Five Techniques for Selecting and Managing Outside Counsel Without Upsetting the Applecart

By Scott Rosenberg, Dan Safran, and Jim Wilber 

Altman Weil and LegalShift regularly partner on law department strategy and operational efficiency improvement projects for legal departments — of all sizes. Our work also spans large and small law firms and solo practitioners. 

Our team observes that general counsel struggle to manage outside lawyers while still preserving value and responsiveness alongside cost-effective results. While there are no “silver bullets,” we have listed five techniques for selecting and managing outside counsel without upsetting the applecart. 

We find that there are a variety of “good” practices and even more “bad,” but we’ve listed some of our favorites in order of ease, duration, dollar investment, and value.

1. Hone your law firm panel list; concentrate spend

We advise our clients to use “convergence,” a way to aggregate law department spend. This allows both the law department and the outside lawyers to reap significant benefits that include:

  • Volume discounts, overall lower costs;
  • Less time, cost, and resources spent managing overhead, ranging from bill review to matter status reporting;
  • Improved knowledge of law firm and individual lawyer capabilities;
  • Increased knowledge of the corporation’s business and needs by the outside lawyers;
  • Stronger and more focused relationship development; and,
  • Easier measurement of lawyer and law firm value.

We do observe, however, that some law departments have gone too far in honing their law firm panels. In some cases, they are spending more as they are sending low-end work to panel firms that charge high-end fees as the lists have become too narrow.

2. Use alternative solutions for “right task, right skill”

Having the lowest cost individual capable of performing a task with required expertise, focus, quality, and speed, represents the process improvement we relentlessly pursue with our clients. “Lean” manufacturing means reducing waste (or “muda” in Japanese). Process inefficiencies represent muda. Having a more capable or more expensive resource perform the work is also muda.

Legal processes outsourcing’s non-traditional law firms, secondment services, and alternative services providers are possible solutions. This can be intimidating but there is a real savings opportunity. Law departments should look to identify both substantive legal practice and operations needs and compare those to capabilities that can be performed by lower skilled internal resources as well as outside providers. Rid yourself of muda!

3. Centralize discovery

We have studied the evolution of discovery and e-discovery tools, processes, and people. For the same reasons as no.1 above, aggregating and outsourcing major discovery components, which are cheaper when performed externally, makes sense. Large corporations can sometimes perform discovery internally at lower cost. Don’t be deluded however, as we find that legal departments tend to look at internal people time as sunk cost or “free,” and in situations where we’ve attempted to measure internal costs, there is inadequate capture of data and metrics. Costs are higher than you may think.

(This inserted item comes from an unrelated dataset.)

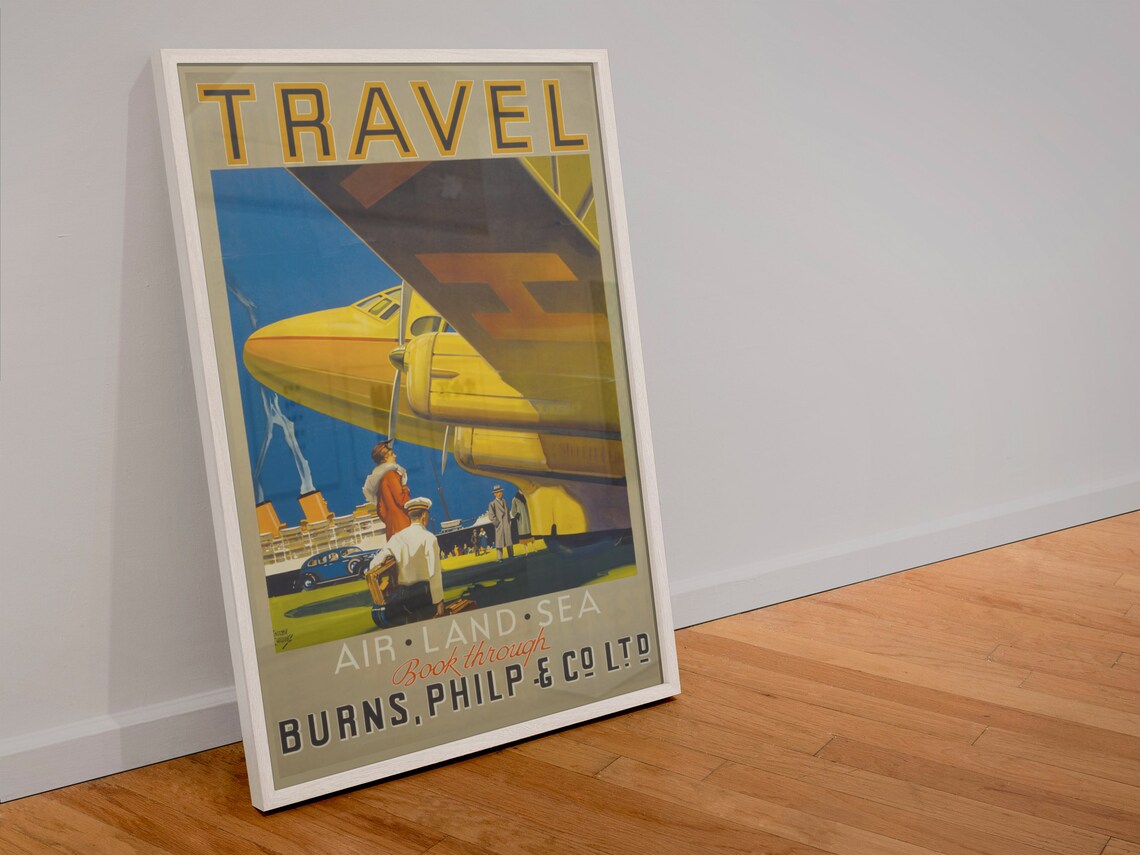 Vintage Air Land Sea Travel Poster Burns Philp and Co Airline Art - Image 4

Are you really doing things less expensively by insourcing — do you really have an accurate baseline?

Centralizing discovery, as it is a big line item cost, within a small panel of e-discovery vendors — including law firms that have efficient and effective eDiscovery capabilities — can help you save money and reduce time.

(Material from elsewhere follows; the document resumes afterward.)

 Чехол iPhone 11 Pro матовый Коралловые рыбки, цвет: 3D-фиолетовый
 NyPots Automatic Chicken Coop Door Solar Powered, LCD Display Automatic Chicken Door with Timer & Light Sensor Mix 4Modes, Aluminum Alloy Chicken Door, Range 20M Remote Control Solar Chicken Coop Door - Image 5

4. Demand and practice legal project management; leverage it both externally and internally

Would you hire a contractor to build your new house but then not review the scope and architectural diagrams or check them until the house is completed and the contractor submits an invoice? Of course not!
 
Legal project management (LPM) is composed of methods, practices, and toolsets to manage risk to the corporation and proactively track legal work. Transparency, real time status on matters, real time cost tracking, early issue escalation — all equate to the nirvana of no surprises!

Allocating and documenting work scope between the law department and the law firm, and the law department and its internal lines of business/clients who are requesting legal assistance and insight, is just good practice. It is an important part of LPM.

So are budgets. Estimates of the work tasks to be completed, work estimates, and schedules, and co-review via conversations between inside and external lawyers (and inside lawyers and internal clients), almost always lead to clarity, better solutions, and buy-in. When issues arise, they can be resolved much more quickly. LPM also builds the “trust” relationship required for long-term partnership.

Real-time and regular reporting on time spent against budget, and progress on issues/projects/matters, are the last component of LPM. And guess what? Once you capture this information, you will have excellent data that you can analyze for future planning.

5. Implement matter management/e-billing solutions as a back-end audit

We tend to minimize the importance of matter management systems as they represent just a component of LPM. Tracking the items your department is working on is a minimum requirement.  Everyone does this, whether through a high end matter management system, an Excel or Word document, or on a set of Post-It notes.

As for e-billing? It may be controversial that we feel that legal project management falls much higher on the priority list of high return on investments. LPM solutions (people, process and technology) allow law departments to proactively manage matters and projects. E-billing solutions, in our opinion, are an after-action audit process and toolset. Having an e-billing solution does have value for ensuring your invoices are accurate, timely, and comprehensive, but it is at its heart, an after-the-fact audit toolset.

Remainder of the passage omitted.